Оставалось время и для неторопливых одиноких прогулок вдоль высокого берега Волги и на кое-какую мужскую помощь Анне по дому. Покосившиеся ворота выпрямились, ступени заднего крыльца белели свежим деревом новых досок, а протекавшая над кухней и над сеновалом крыша теперь могла выдержать осенние дожди.
Однажды ночью Гирин был разбужен неясным шумом. Спросонок он подумал, не плохо ли с больной, и прислушался.
Затрещала дверь, два мужских голоса тихо забормотали угрозы, перебивая друг друга.
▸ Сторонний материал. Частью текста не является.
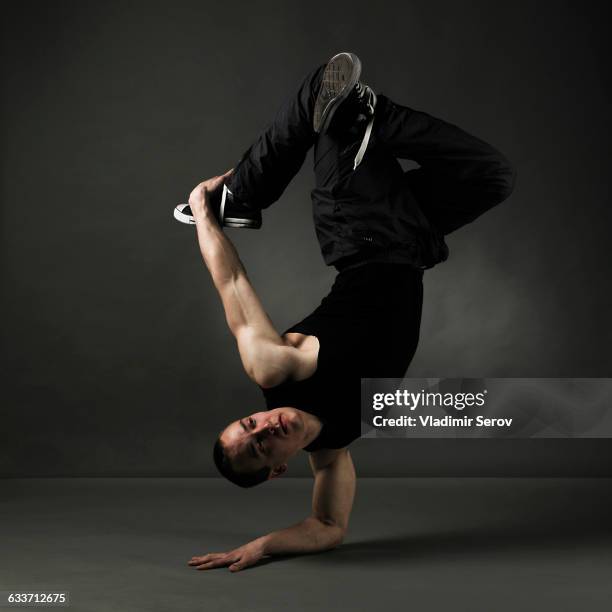 caucasian dancer posing - top 20 breakdance moves fotografías e imágenes de stock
Снова молчаливая борьба, и Гирин услышал задыхающийся гневный шепот Анны:
— Уйди, не хочу… зверь… Мать услышит, ее хоть не мучь!
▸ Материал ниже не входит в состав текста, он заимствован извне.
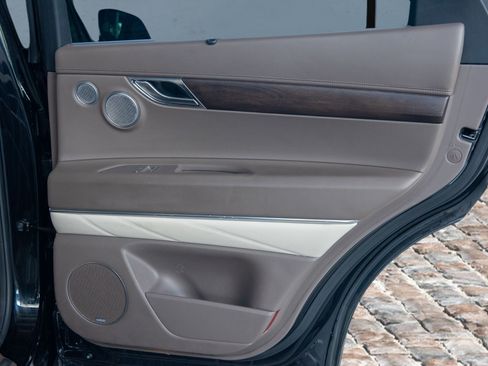 Used 2023 Genesis GV80 2.5T w/ Advanced Package image 19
— Что твоя мать — чурбак с глазами! — забубнил нарочито гнусавый голос. — Будет кобениться…
— Пользуешься, что мать больная, ух ты, подлюга! Ой!
Дверь в комнатушку Анны раскрылась и захлопнулась. Один из пришельцев удалился, нагло топоча сапогами. Гирин стоял в нерешительности, загоревшись яростным желанием дать бой негодяям и боясь вмешаться в неизвестные ему отношения. Но когда он начал размышлять о тяжкой трагедии Анны, его невмешательство показалось ему постыдным. Он лежал без сна, жалея о том, что, несмотря на свой рост и большую силу, он все же лишь неопытный мальчишка. И так захотелось ему быть суровым и бородатым вроде паромщика. Тогда он был бы уверен, что не уступит девушку ее нелепой судьбе.
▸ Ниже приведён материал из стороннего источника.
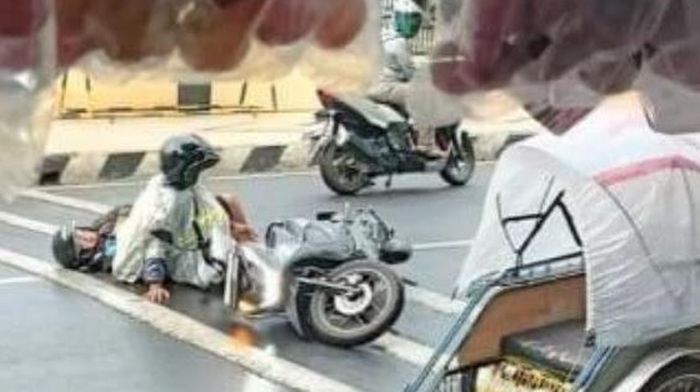 Viral pemotor terjatuh karena melewati polisi tidur yang disebut terlalu tinggi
Гирин заснул лишь под утро и поднялся, когда солнце уже высоко стояло над кустами вырубки, почти вплотную подходившей под его окна. Анна принесла ему обычный завтрак: холодного молока, яиц, хлеба. Она низко повязалась платком и ходила, опустив прикрытые ресницами глаза. Взгляд, брошенный украдкой, и зардевшиеся щеки Анны показали Гирину, что ее мучит стыд. Нет, Анна отнюдь не походила на счастливую возлюбленную, и Гирин решил как-то действовать.
Весь день, обходя очередные поля, колодцы и родники, он думал, как вызволить Анну из ее жестокой кабалы. Ключ к решению вопроса заключался в болезни матери — Анна не могла расстаться с парализованной ни при каких условиях. Взять с собой в Ленинград Анну с больной матерью было не под силу одинокому студенту.
Значит, прежде всего надо было или устроить мать Анны в хорошую больницу, или… вылечить ее. И тут, возобновляя в памяти все, что было ему известно о лечении психических параличей, Гирин вспомнил некогда прогремевший на весь Ленинград опыт профессора Аствацатурова. Выдающийся невропатолог, начальник нервной клиники Военно-медицинской академии, прозванной студентами «Дантовым адом» за скопление устрашающе искалеченных нервными повреждениями больных, принял привезенную откуда-то из провинции женщину, пораженную психическим параличом после внезапной смерти ребенка. Как раз таким же параличом, как мать Анны, то есть она могла слышать, видеть, но была не в состоянии говорить и двигаться. Знаменитый Аствацатуров оставался для той женщины последней надеждой — все усилия лечивших ее врачей были безрезультатными.